Retype, without pictures, the line holding "Japan Anime JUMP" and each line below it through the final line.

===== RECORDS FOR THIS EXERCISE

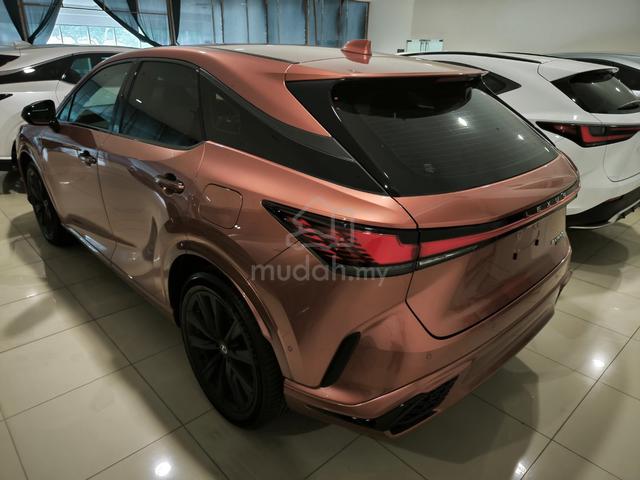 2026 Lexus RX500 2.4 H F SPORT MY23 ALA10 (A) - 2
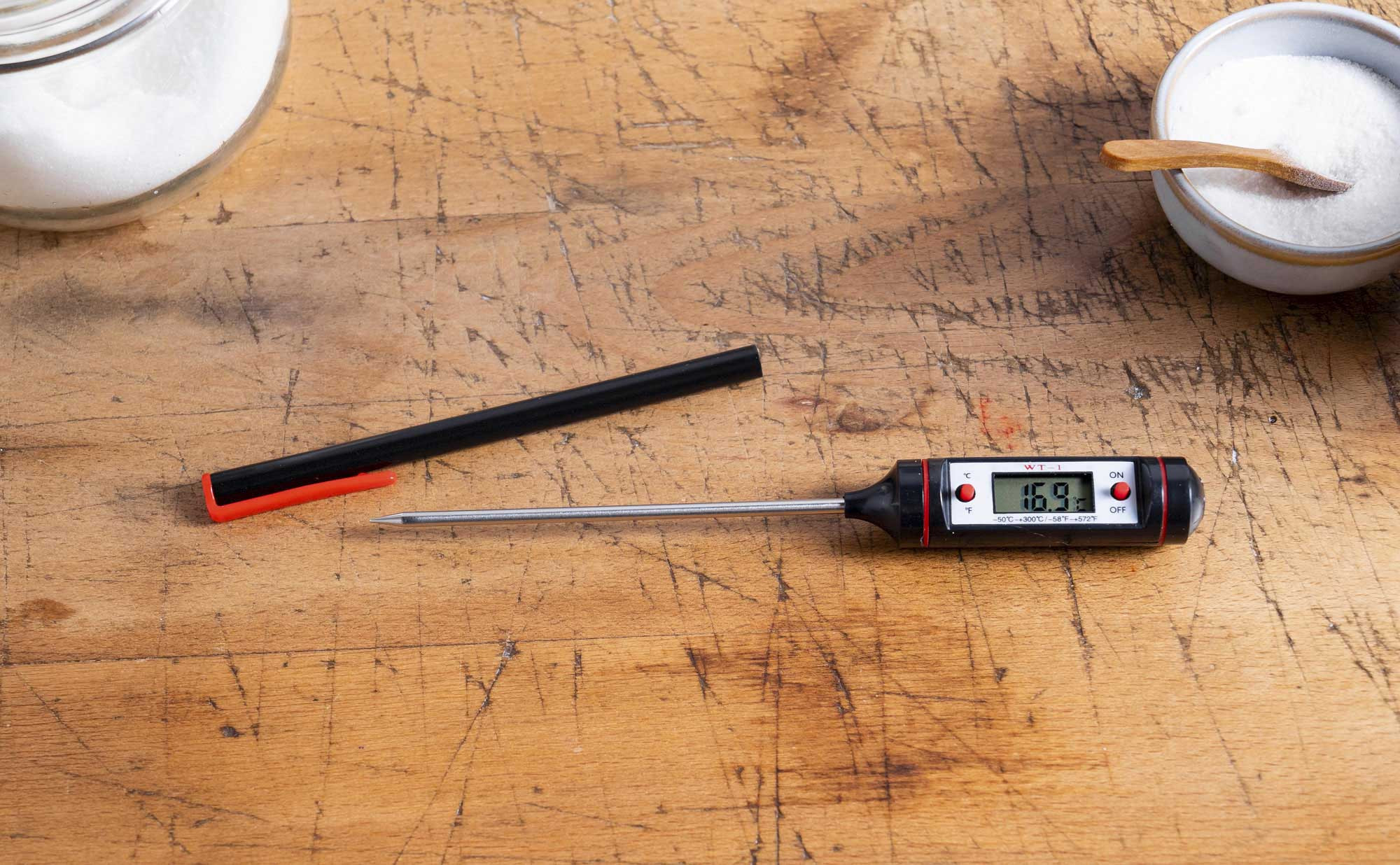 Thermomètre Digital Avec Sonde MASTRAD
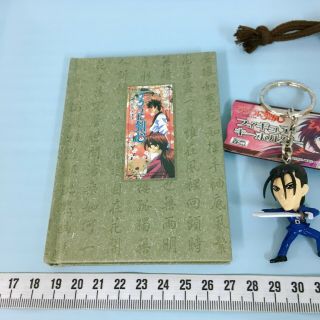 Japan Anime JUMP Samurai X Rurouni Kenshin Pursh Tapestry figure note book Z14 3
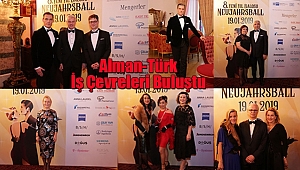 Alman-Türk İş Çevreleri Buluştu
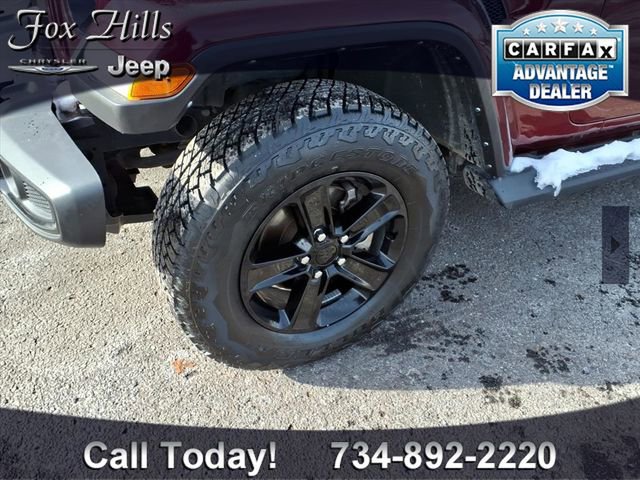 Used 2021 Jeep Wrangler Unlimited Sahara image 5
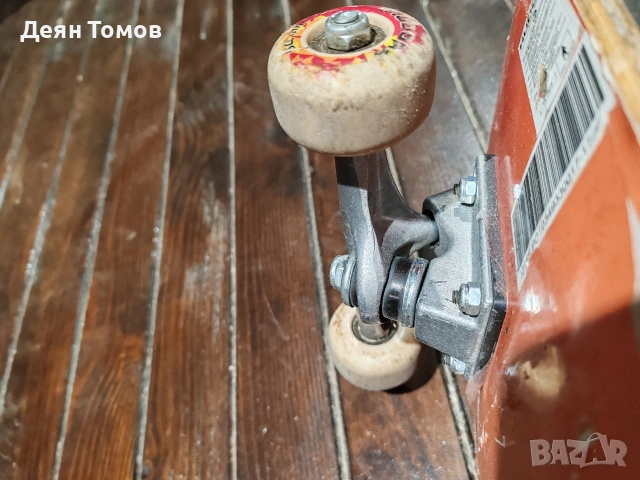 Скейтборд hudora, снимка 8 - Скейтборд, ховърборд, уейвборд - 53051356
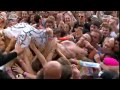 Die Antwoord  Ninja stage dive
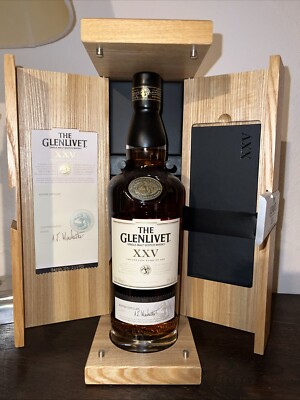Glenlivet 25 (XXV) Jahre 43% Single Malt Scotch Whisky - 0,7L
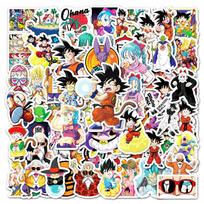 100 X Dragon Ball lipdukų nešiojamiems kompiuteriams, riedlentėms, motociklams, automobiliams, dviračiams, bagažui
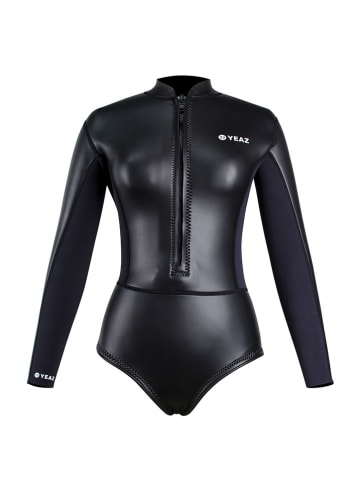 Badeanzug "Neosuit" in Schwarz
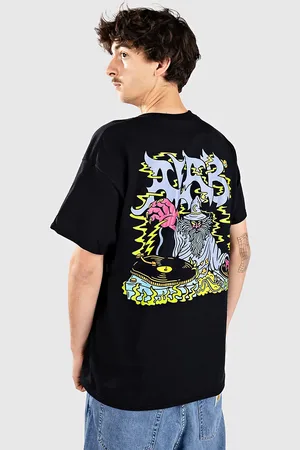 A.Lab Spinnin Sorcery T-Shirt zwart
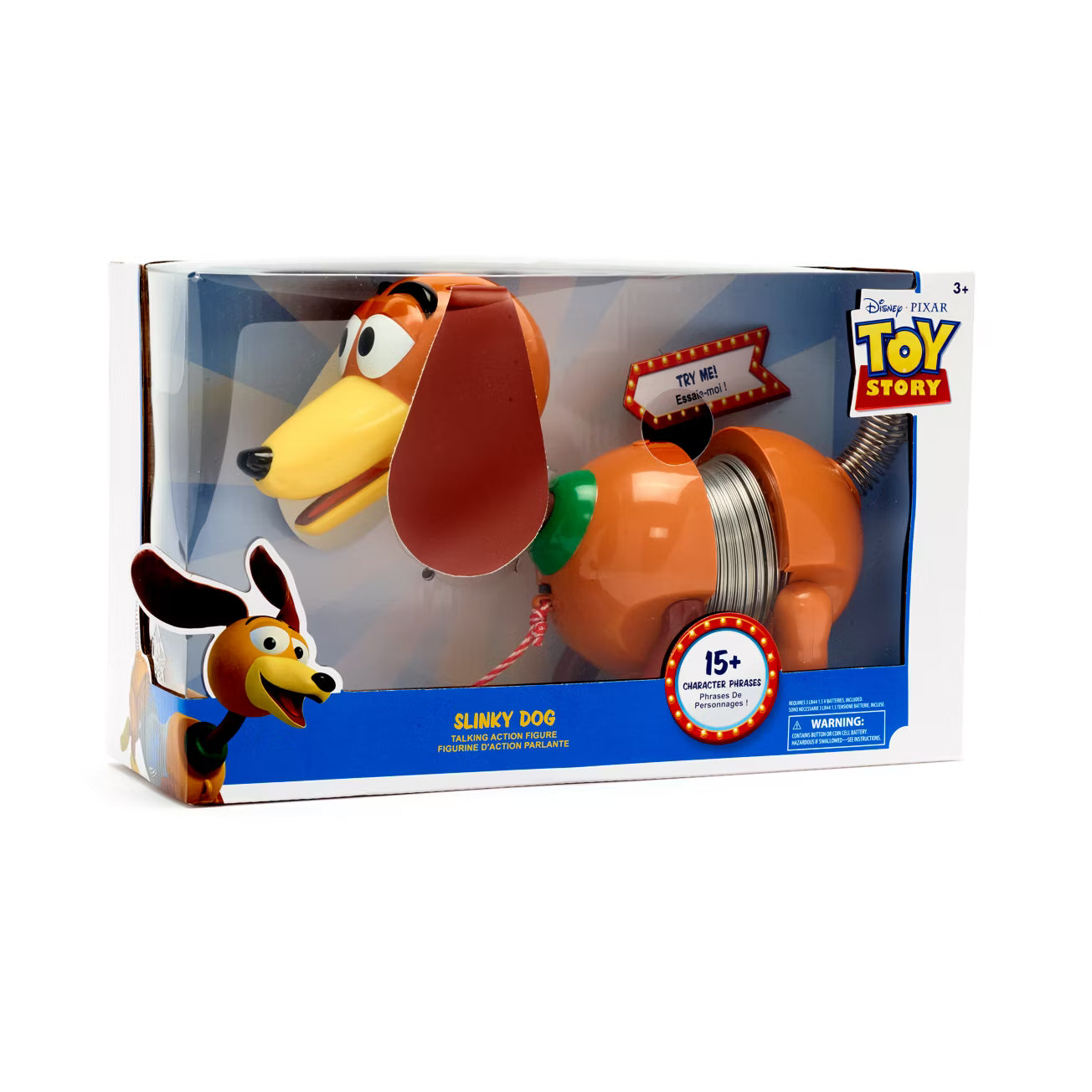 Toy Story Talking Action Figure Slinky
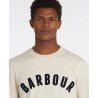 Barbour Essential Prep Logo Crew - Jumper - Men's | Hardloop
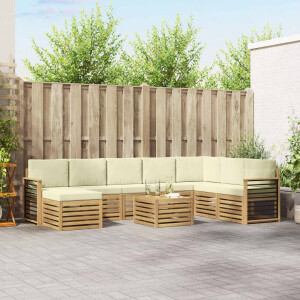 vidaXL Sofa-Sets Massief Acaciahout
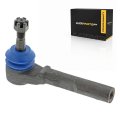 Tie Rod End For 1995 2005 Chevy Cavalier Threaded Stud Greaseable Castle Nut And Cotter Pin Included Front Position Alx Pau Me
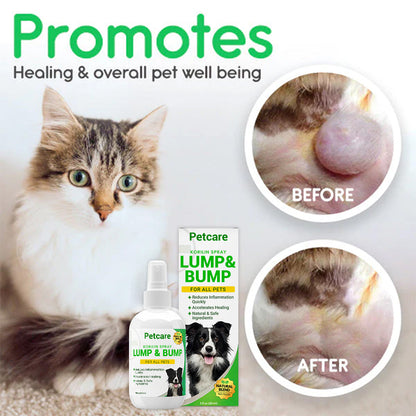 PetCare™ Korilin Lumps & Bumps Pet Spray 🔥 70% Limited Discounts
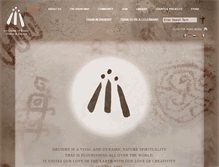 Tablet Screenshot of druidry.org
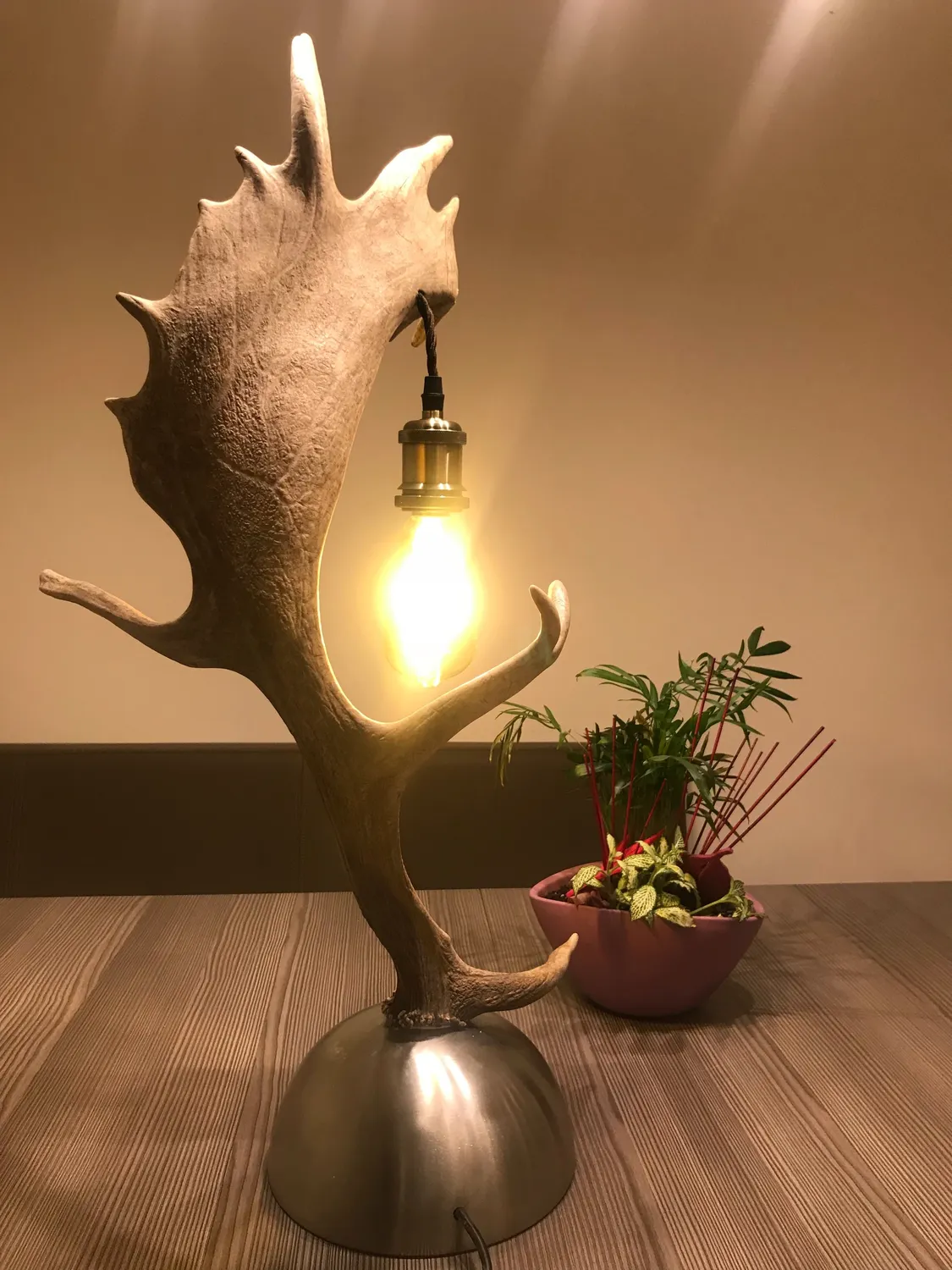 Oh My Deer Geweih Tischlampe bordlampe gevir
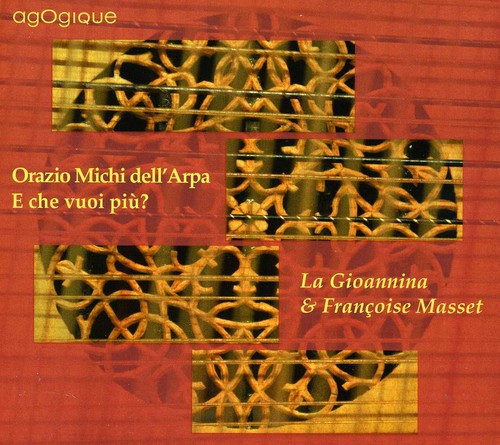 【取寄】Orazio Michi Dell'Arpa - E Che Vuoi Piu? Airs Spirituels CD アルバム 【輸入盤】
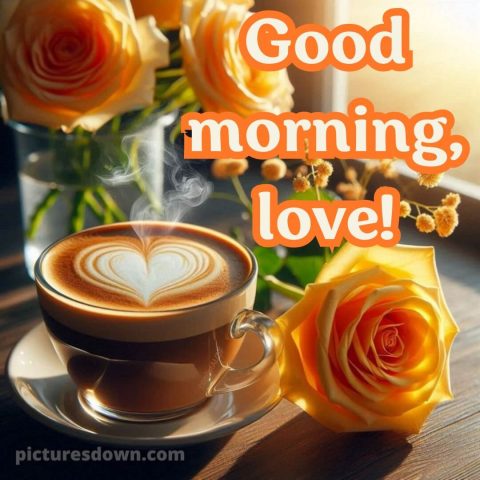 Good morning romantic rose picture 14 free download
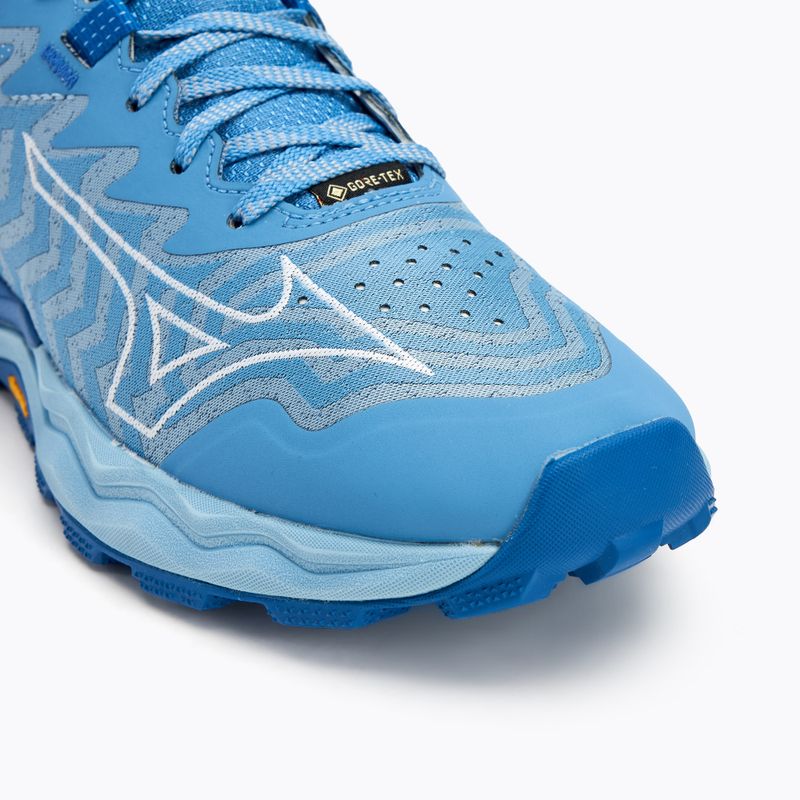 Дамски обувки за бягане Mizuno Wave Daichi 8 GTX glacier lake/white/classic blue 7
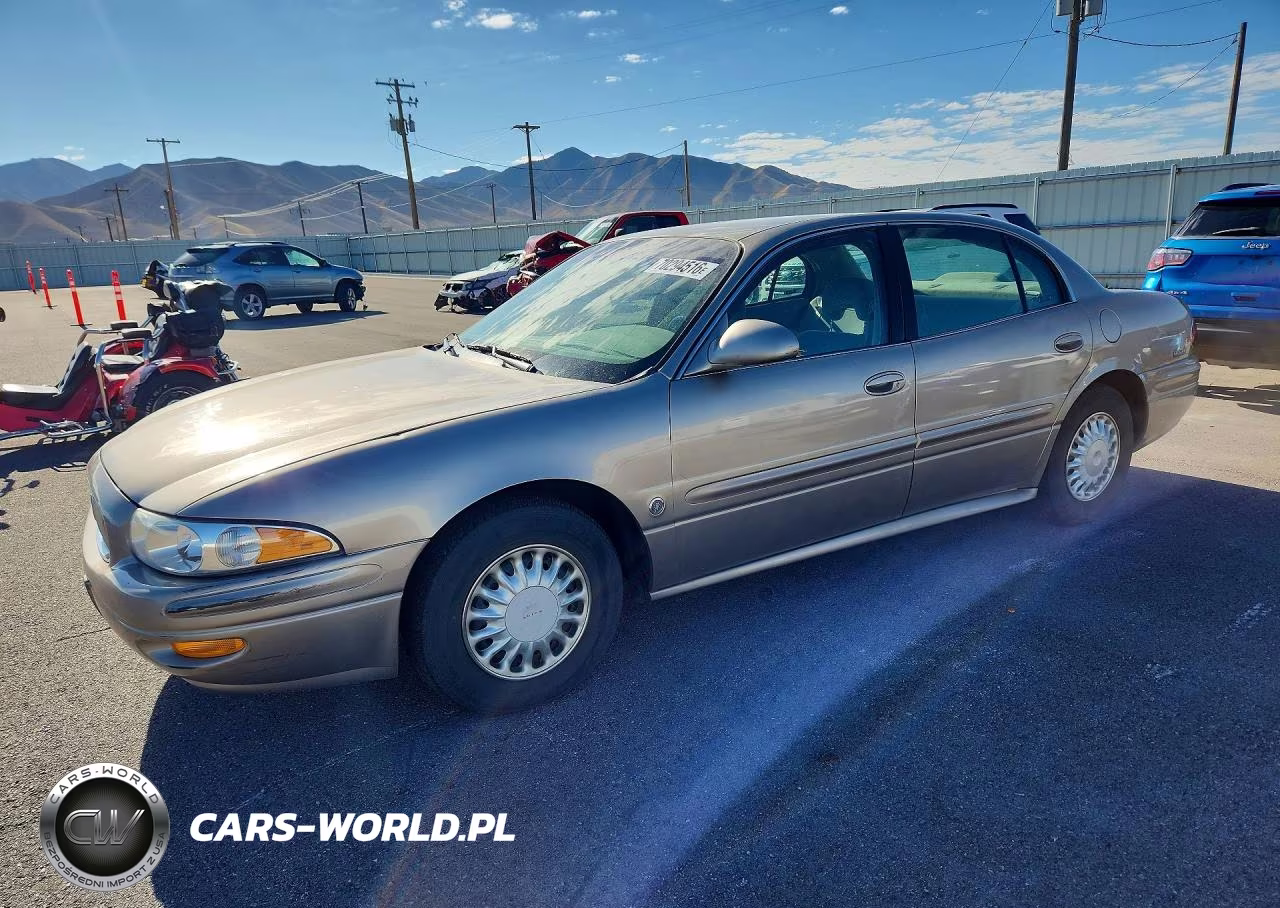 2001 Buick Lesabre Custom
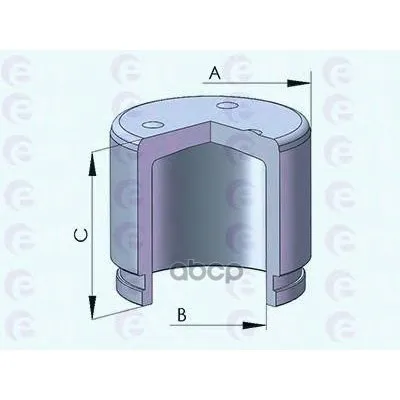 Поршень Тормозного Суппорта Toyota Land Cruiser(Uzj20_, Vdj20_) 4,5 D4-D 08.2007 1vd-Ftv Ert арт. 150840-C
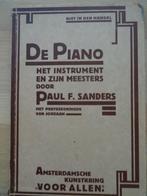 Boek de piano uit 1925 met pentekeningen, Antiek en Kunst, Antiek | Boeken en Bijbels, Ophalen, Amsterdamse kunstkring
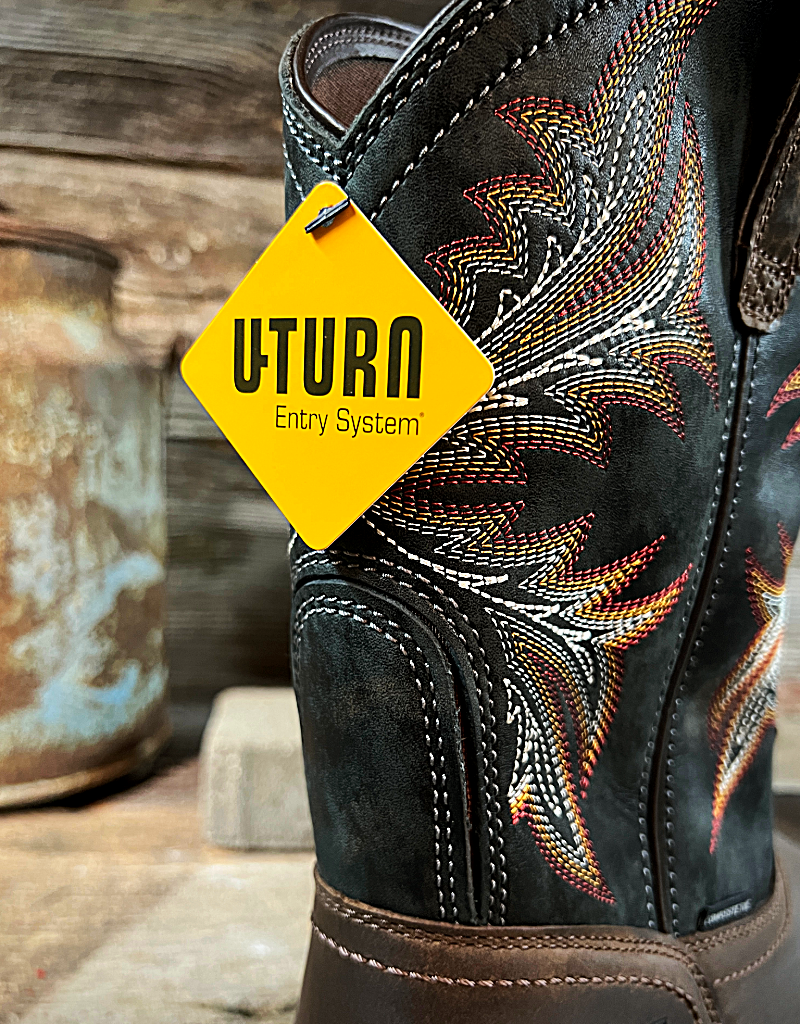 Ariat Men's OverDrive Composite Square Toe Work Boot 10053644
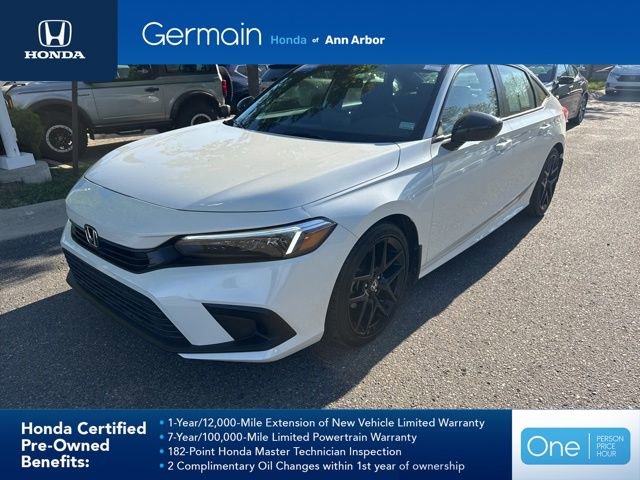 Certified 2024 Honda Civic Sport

==========

#### COMPLETED EXERCISE:
 Japan Anime JUMP Samurai X Rurouni Kenshin Pursh Tapestry figure note book Z14 3
 Alman-Türk İş Çevreleri Buluştu
 Used 2021 Jeep Wrangler Unlimited Sahara image 5
 Скейтборд hudora, снимка 8 - Скейтборд, ховърборд, уейвборд - 53051356
 Die Antwoord  Ninja stage dive
Glenlivet 25 (XXV) Jahre 43% Single Malt Scotch Whisky - 0,7L
 100 X Dragon Ball lipdukų nešiojamiems kompiuteriams, riedlentėms, motociklams, automobiliams, dviračiams, bagažui
 Badeanzug "Neosuit" in Schwarz
 A.Lab Spinnin Sorcery T-Shirt zwart
 Toy Story Talking Action Figure Slinky
 Barbour Essential Prep Logo Crew - Jumper - Men's | Hardloop
 vidaXL Sofa-Sets Massief Acaciahout
 Tie Rod End For 1995 2005 Chevy Cavalier Threaded Stud Greaseable Castle Nut And Cotter Pin Included Front Position Alx Pau Me
 PetCare™ Korilin Lumps & Bumps Pet Spray 🔥 70% Limited Discounts
 Tablet Screenshot of druidry.org
 Oh My Deer Geweih Tischlampe bordlampe gevir
 【取寄】Orazio Michi Dell'Arpa - E Che Vuoi Piu? Airs Spirituels CD アルバム 【輸入盤】
 Good morning romantic rose picture 14 free download
 Дамски обувки за бягане Mizuno Wave Daichi 8 GTX glacier lake/white/classic blue 7
 2001 Buick Lesabre Custom
 Поршень Тормозного Суппорта Toyota Land Cruiser(Uzj20_, Vdj20_) 4,5 D4-D 08.2007 1vd-Ftv Ert арт. 150840-C
 Boek de piano uit 1925 met pentekeningen, Antiek en Kunst, Antiek | Boeken en Bijbels, Ophalen, Amsterdamse kunstkring
 Ariat Men's OverDrive Composite Square Toe Work Boot 10053644
 Certified 2024 Honda Civic Sport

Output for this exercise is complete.